My wife and I drove down to the Lake Chapala area this last week . We spent a week checking out the area for future retirement. WE LOVED IT.. Not once (on the trip there or on the return) were we confronted or felt out of place - we were treated with utmost respect by all. We meet several expats and shared lunches and drinks, one couple even took us on a guided tour of some of the local sights. We drove over 150 miles around Chapala ,Ajijic,and thru Jocotepec looking at homes and exploring the country side. Some of the Pan Am games were in progress and we drove out to witness the support and cooperation of the various nations to compete in Mexico. We were impressed by the security and control of the area by the Mexican goverment. I wish to thank all the moderators and other people that have been supportive of the expat fourm and the real life travel to and from Mexico. 

























l


----------



## Grizzy (Nov 8, 2010)

Glad you liked it here. I succumbed to the Lake's magic charm about a year ago and made the move to live here in February. Haven't looked back and have never felt unsafe or regretted the move.


----------



## FHBOY (Jun 15, 2010)

DavidD said:


> My wife and I drove down to the Lake Chapala area this last week . We spent a week checking out the area for future retirement. WE LOVED IT.. Not once (on the trip there or on the return) were we confronted or felt out of place - we were treated with utmost respect by all. We meet several expats and shared lunches and drinks, one couple even took us on a guided tour of some of the local sights. We drove over 150 miles around Chapala, ,Ajijic,and thru Jocotepec looking at homes and exploring the country side. Some of the Pan Am games were in progress and we drove out to witness the support and cooperation of the various nations to compete in Mexico. We were impressed by the security and control of the area by the Mexican goverment. I wish to thank all the moderators and other people that have been supportive of the expat fourm and the real life travel to and from Mexico.

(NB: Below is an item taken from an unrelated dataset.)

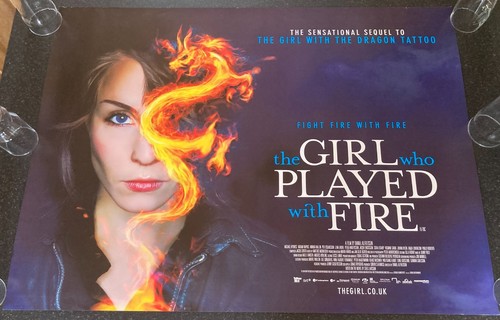 THE GIRL WHO PLAYED WITH FIRE 2009 Original Cinema UK Quad Movie POSTER ROLLED - Picture 2 of 9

_We only spent a dew days there and it was enough for us to decide to retire there. But you can see that from my message header._


----------



## Retired-Veteran (Oct 29, 2011)

Thanks for the information. It is stories like this that make me feel more and more like I am making the right choice.


----------



## DavidD (Jan 6, 2011)

Retired-Veteran said:


> Thanks for the information. It is stories like this that make me feel more and more like I am making the right choice.


My wife would drive back today if possible, but family matters at present will keep us here at least one more year. The laid back life style was a bit of a shock coming from here, and will take some getting used to it. We did enjoy the area and will be back.


----------